The problem with this tweet isn't about finding the best solution to the AGI control issue but addressing the potential consequences of allowing Twitter users to vote by paying $8. This specific method is arguably the most unfavorable outcome we could envision. Fundamentally, it fails to solve the underlying problem.
Let's consider a hypothetical yet highly plausible scenario where Elon Musk determines user verification status and subsequently open-sources the voting protocol to gain public trust. Although this may improve existing options, the entire voting process remains susceptible to manipulation. Confidence in the system is fragile, as it relies solely on one individual's approval of the voter list. Since an $8 fee grants voting rights, it would only take a few million dollars or less for any government to exert undue influence over the voting process, ultimately undermining its integrity.
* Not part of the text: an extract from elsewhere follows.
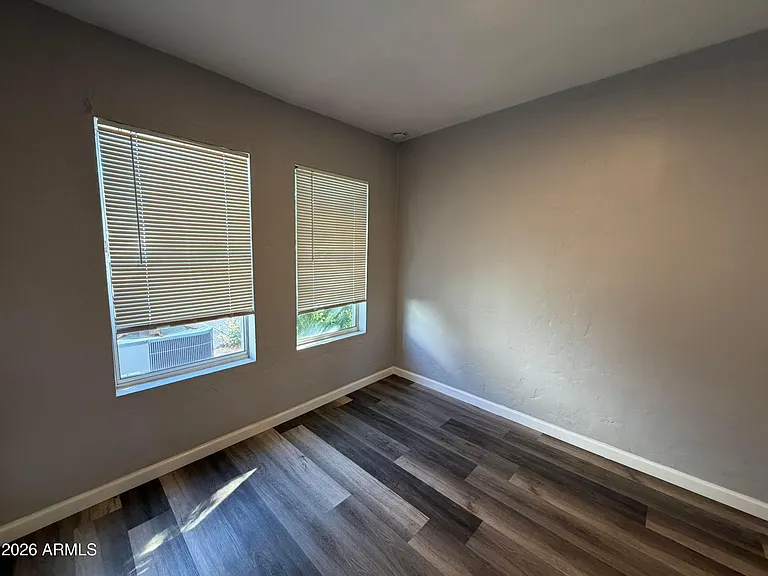 1833 E Harvard St #4 — Photo 9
For instance, let's consider the 2016 presidential election and apply it to this platform. We must consider the popular vote difference and the potential for flipping Electoral College votes. With that in mind, we could estimate how many votes Twitter could theoretically influence to alter the election outcome. The three states with the smallest margins of victory for Trump that could have changed the work were:
Michigan: 10,704 votes
Wisconsin: 22,748 votes
Pennsylvania: 44,292 votes
She would have won the electoral college if these states had gone to Clinton instead of Trump. So, adding up those vote margins, you'd need to "buy" approximately 77,744 votes.
At $8 per vote, that would theoretically cost about $621,952. That is just a theoretical simulation; obviously, there would be more competition from both sides in real life if such a mechanic existed.
With all due respect to Elon, he uses his public image to sway opinions and consolidate his power rather than focusing exclusively on projects that significantly benefit humanity.
The importance of online democratic governance
As we stand in 2023, we find ourselves at a critical juncture where traditional methods rapidly become obsolete, and we have yet to develop suitable replacements.
The ongoing information wars among nations and the challenges of implementing leadership changes through fair elections have contributed to crises like the war in Ukraine. The onset of the U.S. recession in 2023 can be attributed to sluggish policy adjustments by the Federal Reserve. This situation underscores the potential value of enabling public propositions and votes on policy changes, extending beyond the confines of appointed officials.
AGI control problem and crypto regulation are definitely the most visible in the present moment, and ODG is “the least bad solution”1
Online governance offers numerous advantages and potential applications:
Global democratic inclusion: Enhancing political participation through online voting2, digital petitions, transparent decision-making, and real-time policy feedback and adjustments. It will help accept direct responsibility for each individual for the impact of their decisions.
Improved public goods funding, much more efficient capital allocation: Facilitating efficient resource allocation and redistribution using data-driven, real-time feedback mechanisms.
Streamlined taxation systems: Promoting transparency, efficiency, and goal-oriented tax collection and administration approaches.
Diverse policy experimentation: Encouraging the exploration of various governance models and creating new virtual states.
Cross-border collaboration: Fostering cooperation and idea-sharing among citizens from different countries.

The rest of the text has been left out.